====== Information supplied ======

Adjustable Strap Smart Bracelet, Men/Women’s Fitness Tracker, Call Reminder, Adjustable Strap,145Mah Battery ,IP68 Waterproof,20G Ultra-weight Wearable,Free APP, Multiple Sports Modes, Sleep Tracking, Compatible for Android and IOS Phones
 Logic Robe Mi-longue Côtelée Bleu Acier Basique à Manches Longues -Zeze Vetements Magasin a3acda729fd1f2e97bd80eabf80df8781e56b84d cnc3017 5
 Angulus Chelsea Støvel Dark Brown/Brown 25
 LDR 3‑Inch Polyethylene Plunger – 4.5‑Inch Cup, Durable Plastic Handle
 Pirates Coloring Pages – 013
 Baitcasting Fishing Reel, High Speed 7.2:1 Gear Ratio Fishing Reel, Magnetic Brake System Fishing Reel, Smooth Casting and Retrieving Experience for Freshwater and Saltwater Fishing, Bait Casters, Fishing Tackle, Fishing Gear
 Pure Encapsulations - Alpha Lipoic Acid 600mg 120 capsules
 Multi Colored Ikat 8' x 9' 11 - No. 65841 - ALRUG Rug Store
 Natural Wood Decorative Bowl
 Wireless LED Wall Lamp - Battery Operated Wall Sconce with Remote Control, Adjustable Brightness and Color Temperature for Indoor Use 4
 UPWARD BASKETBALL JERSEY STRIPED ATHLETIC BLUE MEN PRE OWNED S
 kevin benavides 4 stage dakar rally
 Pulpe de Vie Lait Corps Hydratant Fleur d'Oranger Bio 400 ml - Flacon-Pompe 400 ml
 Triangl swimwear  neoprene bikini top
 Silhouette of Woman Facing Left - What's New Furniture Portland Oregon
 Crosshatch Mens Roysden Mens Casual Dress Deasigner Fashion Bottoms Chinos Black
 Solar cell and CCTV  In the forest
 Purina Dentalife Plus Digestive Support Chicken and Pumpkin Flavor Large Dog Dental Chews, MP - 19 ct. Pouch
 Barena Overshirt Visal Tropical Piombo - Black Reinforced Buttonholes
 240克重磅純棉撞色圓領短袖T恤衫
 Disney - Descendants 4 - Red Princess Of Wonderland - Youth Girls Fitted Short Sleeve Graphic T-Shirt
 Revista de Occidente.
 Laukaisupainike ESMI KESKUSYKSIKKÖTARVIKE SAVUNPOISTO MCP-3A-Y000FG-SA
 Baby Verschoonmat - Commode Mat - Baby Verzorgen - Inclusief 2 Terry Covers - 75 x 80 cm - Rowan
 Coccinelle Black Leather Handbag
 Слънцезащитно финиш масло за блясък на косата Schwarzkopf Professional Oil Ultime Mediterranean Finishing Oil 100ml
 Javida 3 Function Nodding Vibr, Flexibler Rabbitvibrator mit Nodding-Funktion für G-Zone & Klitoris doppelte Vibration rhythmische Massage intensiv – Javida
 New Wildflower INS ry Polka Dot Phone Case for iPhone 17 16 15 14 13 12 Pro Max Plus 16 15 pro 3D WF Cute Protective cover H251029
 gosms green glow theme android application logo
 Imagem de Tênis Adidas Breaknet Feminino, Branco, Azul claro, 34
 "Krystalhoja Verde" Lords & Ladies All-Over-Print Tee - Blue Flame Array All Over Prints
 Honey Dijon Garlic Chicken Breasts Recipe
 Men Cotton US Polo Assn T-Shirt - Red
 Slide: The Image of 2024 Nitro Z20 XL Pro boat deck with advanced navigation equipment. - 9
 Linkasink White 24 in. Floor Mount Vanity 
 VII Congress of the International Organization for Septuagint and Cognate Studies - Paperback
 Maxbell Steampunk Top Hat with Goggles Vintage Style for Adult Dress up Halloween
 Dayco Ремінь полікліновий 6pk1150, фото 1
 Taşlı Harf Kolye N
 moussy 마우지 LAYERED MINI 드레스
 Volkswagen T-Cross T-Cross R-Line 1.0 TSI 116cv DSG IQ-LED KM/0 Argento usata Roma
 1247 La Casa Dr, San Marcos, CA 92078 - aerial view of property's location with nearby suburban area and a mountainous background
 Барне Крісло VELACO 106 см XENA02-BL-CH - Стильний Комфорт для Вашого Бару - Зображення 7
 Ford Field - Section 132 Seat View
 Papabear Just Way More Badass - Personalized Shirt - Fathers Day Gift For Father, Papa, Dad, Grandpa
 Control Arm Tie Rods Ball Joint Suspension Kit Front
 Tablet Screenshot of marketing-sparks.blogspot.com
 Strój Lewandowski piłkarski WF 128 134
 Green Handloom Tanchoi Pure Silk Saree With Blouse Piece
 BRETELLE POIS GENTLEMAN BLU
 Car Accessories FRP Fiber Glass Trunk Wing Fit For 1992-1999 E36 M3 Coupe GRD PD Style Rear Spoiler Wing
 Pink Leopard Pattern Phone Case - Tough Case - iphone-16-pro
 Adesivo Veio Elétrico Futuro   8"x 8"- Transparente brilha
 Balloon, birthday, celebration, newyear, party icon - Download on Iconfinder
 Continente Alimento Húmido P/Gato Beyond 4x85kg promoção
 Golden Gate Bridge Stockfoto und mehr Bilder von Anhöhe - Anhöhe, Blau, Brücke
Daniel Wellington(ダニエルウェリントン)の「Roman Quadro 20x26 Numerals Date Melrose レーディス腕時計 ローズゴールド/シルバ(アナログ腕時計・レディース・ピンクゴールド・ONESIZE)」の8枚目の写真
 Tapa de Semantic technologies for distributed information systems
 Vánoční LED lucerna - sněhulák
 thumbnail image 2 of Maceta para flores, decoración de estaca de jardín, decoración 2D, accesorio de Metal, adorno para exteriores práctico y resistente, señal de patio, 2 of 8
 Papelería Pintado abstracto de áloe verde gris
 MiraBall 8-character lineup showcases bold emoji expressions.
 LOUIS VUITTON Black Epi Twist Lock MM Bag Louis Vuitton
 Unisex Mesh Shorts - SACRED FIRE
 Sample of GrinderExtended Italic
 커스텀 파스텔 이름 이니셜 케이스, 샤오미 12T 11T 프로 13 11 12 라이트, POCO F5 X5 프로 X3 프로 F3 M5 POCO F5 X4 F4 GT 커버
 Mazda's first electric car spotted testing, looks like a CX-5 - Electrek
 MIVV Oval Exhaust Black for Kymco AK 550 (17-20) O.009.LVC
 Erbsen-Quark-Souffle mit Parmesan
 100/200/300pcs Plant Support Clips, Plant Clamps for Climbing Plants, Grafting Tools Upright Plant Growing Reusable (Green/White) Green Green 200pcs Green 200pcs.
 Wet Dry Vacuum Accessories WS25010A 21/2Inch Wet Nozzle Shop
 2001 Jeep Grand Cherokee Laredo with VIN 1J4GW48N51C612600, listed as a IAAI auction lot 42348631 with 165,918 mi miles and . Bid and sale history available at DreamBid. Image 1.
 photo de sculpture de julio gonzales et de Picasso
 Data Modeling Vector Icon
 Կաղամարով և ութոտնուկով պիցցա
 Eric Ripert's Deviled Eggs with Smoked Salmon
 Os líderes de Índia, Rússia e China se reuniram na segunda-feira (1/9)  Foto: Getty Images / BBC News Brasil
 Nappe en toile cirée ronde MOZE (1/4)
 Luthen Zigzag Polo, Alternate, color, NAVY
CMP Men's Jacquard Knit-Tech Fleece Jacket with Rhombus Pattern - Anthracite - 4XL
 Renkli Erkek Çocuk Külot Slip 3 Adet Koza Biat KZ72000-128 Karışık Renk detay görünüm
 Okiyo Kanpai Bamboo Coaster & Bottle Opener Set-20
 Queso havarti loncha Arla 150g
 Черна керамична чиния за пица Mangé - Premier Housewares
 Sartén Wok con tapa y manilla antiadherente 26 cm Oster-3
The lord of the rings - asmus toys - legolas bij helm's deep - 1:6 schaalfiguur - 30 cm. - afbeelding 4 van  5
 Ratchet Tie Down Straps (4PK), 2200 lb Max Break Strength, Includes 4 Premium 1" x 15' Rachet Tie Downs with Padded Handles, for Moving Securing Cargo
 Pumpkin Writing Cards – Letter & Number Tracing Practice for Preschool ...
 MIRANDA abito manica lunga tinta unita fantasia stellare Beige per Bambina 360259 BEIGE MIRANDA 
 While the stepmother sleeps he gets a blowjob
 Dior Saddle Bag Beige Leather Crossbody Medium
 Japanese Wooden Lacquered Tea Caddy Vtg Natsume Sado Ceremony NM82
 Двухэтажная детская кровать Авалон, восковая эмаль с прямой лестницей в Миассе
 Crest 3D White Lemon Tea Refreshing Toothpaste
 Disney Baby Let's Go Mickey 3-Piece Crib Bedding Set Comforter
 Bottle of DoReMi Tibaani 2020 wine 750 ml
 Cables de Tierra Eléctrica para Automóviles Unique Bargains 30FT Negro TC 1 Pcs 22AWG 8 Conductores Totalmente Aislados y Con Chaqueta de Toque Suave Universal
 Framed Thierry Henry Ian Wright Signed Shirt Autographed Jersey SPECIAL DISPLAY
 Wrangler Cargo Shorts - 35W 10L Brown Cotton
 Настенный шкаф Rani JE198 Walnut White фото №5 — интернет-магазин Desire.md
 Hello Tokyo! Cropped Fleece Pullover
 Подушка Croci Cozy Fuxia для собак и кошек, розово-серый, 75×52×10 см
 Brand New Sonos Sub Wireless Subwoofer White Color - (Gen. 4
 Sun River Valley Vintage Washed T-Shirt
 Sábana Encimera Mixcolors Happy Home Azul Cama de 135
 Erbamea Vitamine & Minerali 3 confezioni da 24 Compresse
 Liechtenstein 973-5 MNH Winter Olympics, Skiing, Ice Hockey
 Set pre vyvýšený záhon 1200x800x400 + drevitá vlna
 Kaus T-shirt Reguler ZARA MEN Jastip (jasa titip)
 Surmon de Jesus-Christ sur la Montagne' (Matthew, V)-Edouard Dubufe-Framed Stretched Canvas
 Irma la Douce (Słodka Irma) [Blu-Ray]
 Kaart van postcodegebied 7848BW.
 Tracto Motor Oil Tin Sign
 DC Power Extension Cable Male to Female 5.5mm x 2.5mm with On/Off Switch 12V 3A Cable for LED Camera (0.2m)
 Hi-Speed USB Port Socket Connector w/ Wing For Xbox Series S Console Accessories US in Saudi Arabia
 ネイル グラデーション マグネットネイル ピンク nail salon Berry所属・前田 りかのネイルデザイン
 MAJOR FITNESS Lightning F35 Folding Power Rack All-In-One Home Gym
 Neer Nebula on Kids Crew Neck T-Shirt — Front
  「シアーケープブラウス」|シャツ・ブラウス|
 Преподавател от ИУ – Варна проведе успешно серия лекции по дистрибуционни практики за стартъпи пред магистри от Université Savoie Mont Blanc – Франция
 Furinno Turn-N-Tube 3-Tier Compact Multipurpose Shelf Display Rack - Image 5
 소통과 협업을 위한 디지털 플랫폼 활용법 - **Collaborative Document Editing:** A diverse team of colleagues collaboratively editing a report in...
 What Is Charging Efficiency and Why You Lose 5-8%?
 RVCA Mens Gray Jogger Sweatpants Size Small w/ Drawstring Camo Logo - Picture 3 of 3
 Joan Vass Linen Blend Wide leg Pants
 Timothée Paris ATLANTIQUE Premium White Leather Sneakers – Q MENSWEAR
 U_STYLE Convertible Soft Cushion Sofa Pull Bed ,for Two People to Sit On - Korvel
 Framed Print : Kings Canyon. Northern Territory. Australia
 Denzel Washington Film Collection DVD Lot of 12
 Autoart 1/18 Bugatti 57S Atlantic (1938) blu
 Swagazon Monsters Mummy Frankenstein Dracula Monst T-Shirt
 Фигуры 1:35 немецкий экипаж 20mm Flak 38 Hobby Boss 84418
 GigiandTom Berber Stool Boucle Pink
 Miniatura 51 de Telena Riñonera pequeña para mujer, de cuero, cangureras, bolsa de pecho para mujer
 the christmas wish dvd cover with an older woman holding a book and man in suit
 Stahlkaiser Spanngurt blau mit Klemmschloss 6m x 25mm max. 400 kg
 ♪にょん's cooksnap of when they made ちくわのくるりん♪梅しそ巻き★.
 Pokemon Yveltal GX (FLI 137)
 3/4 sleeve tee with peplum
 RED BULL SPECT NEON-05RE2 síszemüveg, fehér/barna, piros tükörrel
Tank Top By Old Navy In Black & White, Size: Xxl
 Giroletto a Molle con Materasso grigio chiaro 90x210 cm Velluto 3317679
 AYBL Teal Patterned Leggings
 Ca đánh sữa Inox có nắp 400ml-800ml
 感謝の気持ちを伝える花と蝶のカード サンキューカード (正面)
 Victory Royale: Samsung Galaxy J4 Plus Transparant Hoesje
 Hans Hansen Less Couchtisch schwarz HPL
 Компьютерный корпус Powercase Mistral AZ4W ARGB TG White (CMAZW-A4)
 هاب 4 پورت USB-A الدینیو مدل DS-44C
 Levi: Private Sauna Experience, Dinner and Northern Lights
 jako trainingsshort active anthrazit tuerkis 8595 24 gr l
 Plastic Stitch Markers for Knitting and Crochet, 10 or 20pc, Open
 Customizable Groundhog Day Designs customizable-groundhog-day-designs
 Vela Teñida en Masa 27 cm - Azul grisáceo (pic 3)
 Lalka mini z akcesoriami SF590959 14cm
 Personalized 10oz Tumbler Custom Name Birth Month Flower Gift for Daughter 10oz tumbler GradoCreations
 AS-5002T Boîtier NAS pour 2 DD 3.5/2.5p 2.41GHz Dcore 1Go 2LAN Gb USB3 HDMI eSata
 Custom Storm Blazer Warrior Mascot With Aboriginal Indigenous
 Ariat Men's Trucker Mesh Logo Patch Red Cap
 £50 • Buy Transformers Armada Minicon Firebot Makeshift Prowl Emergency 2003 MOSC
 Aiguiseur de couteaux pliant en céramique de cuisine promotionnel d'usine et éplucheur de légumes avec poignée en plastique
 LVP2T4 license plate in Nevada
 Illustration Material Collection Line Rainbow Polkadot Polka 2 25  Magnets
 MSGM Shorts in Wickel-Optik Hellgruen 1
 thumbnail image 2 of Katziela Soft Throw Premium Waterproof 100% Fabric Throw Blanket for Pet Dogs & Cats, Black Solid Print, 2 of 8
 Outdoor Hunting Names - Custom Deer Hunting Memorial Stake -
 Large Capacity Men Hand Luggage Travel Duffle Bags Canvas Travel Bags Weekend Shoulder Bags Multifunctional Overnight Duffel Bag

======

- Instructions to follow:
From the records above, extract exactly and only the lines that begin at the line with "Laukaisupainike ESMI KESKUSYKSIKKÖTARVIKE" and stop after the line with "Green Handloom Tanchoi".

- Result:
 Laukaisupainike ESMI KESKUSYKSIKKÖTARVIKE SAVUNPOISTO MCP-3A-Y000FG-SA
 Baby Verschoonmat - Commode Mat - Baby Verzorgen - Inclusief 2 Terry Covers - 75 x 80 cm - Rowan
 Coccinelle Black Leather Handbag
 Слънцезащитно финиш масло за блясък на косата Schwarzkopf Professional Oil Ultime Mediterranean Finishing Oil 100ml
 Javida 3 Function Nodding Vibr, Flexibler Rabbitvibrator mit Nodding-Funktion für G-Zone & Klitoris doppelte Vibration rhythmische Massage intensiv – Javida
 New Wildflower INS ry Polka Dot Phone Case for iPhone 17 16 15 14 13 12 Pro Max Plus 16 15 pro 3D WF Cute Protective cover H251029
 gosms green glow theme android application logo
 Imagem de Tênis Adidas Breaknet Feminino, Branco, Azul claro, 34
 "Krystalhoja Verde" Lords & Ladies All-Over-Print Tee - Blue Flame Array All Over Prints
 Honey Dijon Garlic Chicken Breasts Recipe
 Men Cotton US Polo Assn T-Shirt - Red
 Slide: The Image of 2024 Nitro Z20 XL Pro boat deck with advanced navigation equipment. - 9
 Linkasink White 24 in. Floor Mount Vanity 
 VII Congress of the International Organization for Septuagint and Cognate Studies - Paperback
 Maxbell Steampunk Top Hat with Goggles Vintage Style for Adult Dress up Halloween
 Dayco Ремінь полікліновий 6pk1150, фото 1
 Taşlı Harf Kolye N
 moussy 마우지 LAYERED MINI 드레스
 Volkswagen T-Cross T-Cross R-Line 1.0 TSI 116cv DSG IQ-LED KM/0 Argento usata Roma
 1247 La Casa Dr, San Marcos, CA 92078 - aerial view of property's location with nearby suburban area and a mountainous background
 Барне Крісло VELACO 106 см XENA02-BL-CH - Стильний Комфорт для Вашого Бару - Зображення 7
 Ford Field - Section 132 Seat View
 Papabear Just Way More Badass - Personalized Shirt - Fathers Day Gift For Father, Papa, Dad, Grandpa
 Control Arm Tie Rods Ball Joint Suspension Kit Front
 Tablet Screenshot of marketing-sparks.blogspot.com
 Strój Lewandowski piłkarski WF 128 134
 Green Handloom Tanchoi Pure Silk Saree With Blouse Piece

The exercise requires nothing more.